Having energy resources isn't enough to be an energy superpower. Those resources have to be exported. The National Energy Board just released the Canadian Energy Overview 2007. From that document, I've put together a graph of Canada's average 2007 energy exports to the US:




Note: Here I assume all types of oil to have the same energy content

Even 30 TWh/year of electricity can be significant to small parts of North Eastern United States but obviously Canada's role as an energy supplier to the US is most important through natural gas and oil exports. The future of natural gas in Canada has been discussed on TOD before as well as Canada's tar sands. What makes Canada's energy situation so fascinating is the coupling between energy sources.

In the table below, I've ranked Canada's energy resources against the rest of the world and compared them with Russia's (a real energy superpower) using the latest stats from the BP Statistical review. It sheds some light on Canada's true situation:

Canada's Rank Russia's Rank
Oil Reserves 2 or 12* 7
Oil Production 7 2
Oil Consumption 8 4
Oil Exports 14 2
Natural Gas Reserves 21 1
Natural Gas Production 3 1
Natural Gas Consumption 4 2
Natural Gas Exports 2 1
Coal Reserves 13 2
Coal Production 15 5
Coal Consumption 14 5
Coal Exports 17 5
Uranium Reserves** 2 10
Uranium Production** 1 -


* BP Statistical Review only considers Canada's oil sands reserves to be those currently under development. Governments don't.
** Src: World Nuclear Association

Alone, Canada's energy resources, other than oil and uranium reserves, don't look to be particularly impressive. A large part of Canada's success as an energy superpower though is its ability to develop its resources. At any cost.

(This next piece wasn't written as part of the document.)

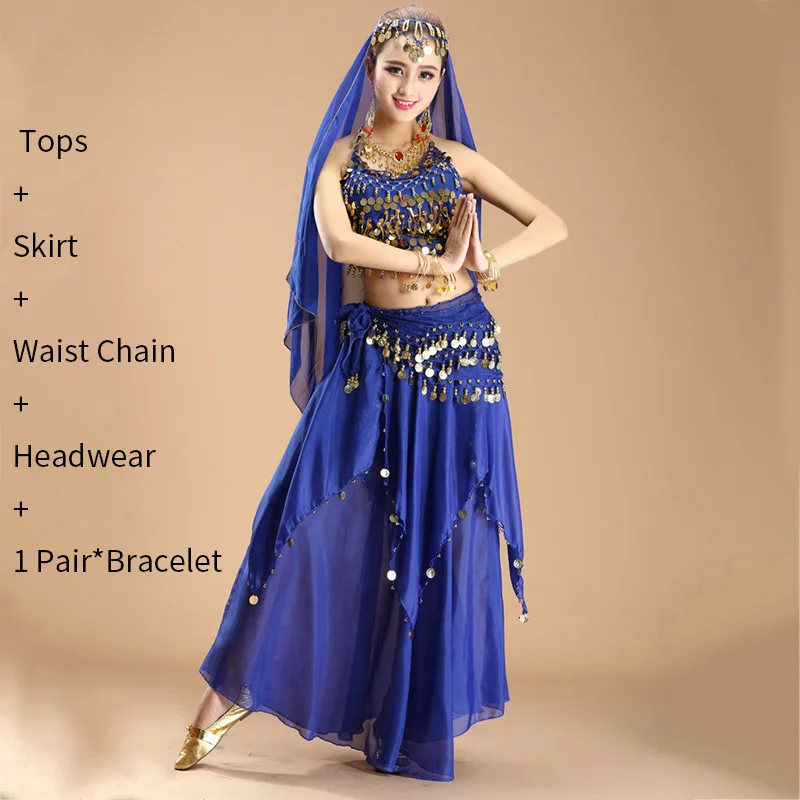 Blue 5pc Костюм для танца живота женский Восточный танец леди болливудские Танцы платье индийский танец блестки юбка для танца живота костюм для женщин - Цвет: Blue 5pc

My first observation after compiling the above table was that Canada ranks 21st in the world in terms of natural gas reserves, but production, consumption and exports all rank in the top 4. Here lies the energy coupling challenge: In order to exploit our oil reserves, of which we have a lot, we are further depleting our natural gas reserves, of which we have few.

For each barrel of synthetic crude coming out of Canada from strip mining, 28 cubic meters of natural gas is used (this source claims 14-28 cubic meters). This means America is sacrificing roughly 1.14% of it's natural gas supply to import synthetic crude oil. For Canada though, converting NG into oil is economically a no brainer: at $125/bbl, we get $22/GJ for oil compared with the current going rate of $11/GJ for natural gas. Alternative methods like the nuclear option for upgrading bitumen do exist. In March, Bruce Power Alberta filed an application for a 4GW nuclear reactor for the tar sands, but if it goes through, would only come on-line by 2017.

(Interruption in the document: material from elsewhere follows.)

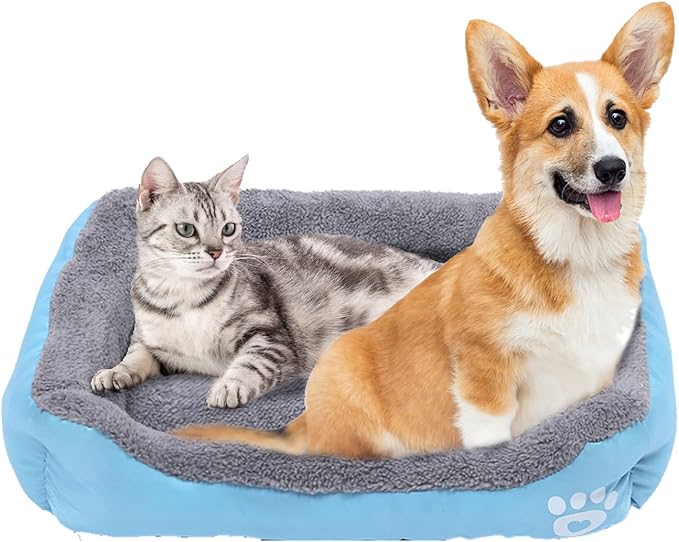 Forever Lover Resulzon Square Dog Cat Beds Mattress Washable Pads Room, Soft Plush Faux Fur Sleeping Pet Fleece Bed Mat for Small Medium Doggy Kitten Puppy, with Anti-Slip Waterproof Bottom (Blue)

To conclude, Canada is the most important energy supplier to the US. Canada has ambitions to become an energy superpower, which means that finding a second customer is likely a priority. But Canada's natural gas could quickly become a rate determining step in these ambitions and so resource management is the challenge that Canada will have to address if it is truly going to become a reliable energy superpower.